Adverse drug reactions (ADRs) have proved a significant problem in healthcare for decades, with varying severity and outcomes. The present study aims to determine the prevalence, nature, probability, severity and preventability of ADRs in a hospital setting. This prospective, observational study, conducted over a period of 8 months, assessed all in-patients with symptoms of an ADR and hospital admissions due to an adverse drug event. Probability (Naranjo and WHO-UMC scales), severity (Hartwig scale) and preventability (Shumock and Thornton criteria) were assessed. A total of 110 ADRs were reported in 94 patients. ADRs were the sole cause of hospital admission in 37.27% of patients.
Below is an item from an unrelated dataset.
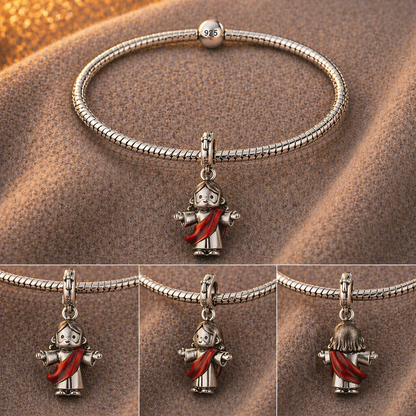 Dije Cristo Rey Resucitado — Plata 925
Geriatric patients [21(19.09%)] were most affected by ADRs and female predominance [60 (54.55%)] was noted among the patients suffering from an ADR. The gastro-intestinal system (29.09%) was predominantly affected. The therapeutic classes of drugs frequently associated with ADRs were anti-microbials [21(19.09%)] and analgesics [11(10%)], whereas, the most common drugs involved were prednisolone and paracetamol. The most commonly reported ADR was urticaria [11(10%)]. Of the 110 ADRs, 64.54% was probable and 19.09% was possible, according to the Naranjo scale. As per the WHO scale, 19.09% of the ADRs were certain. Majority of the ADRs were of moderate severity [61(55.45%)] and 10.90% were definitely preventable. Majority of the ADRs (63.63%) were managed by withdrawing the suspected drug. A recovery rate of 89.09% was achieved. The importance of adverse drug reactions is often underestimated. A higher level of vigilance is required for the detection of ADRs and to prevent a serious outcome.

Keywords: Adverse drug reaction, monitoring, hospital, probability, severity, preventability.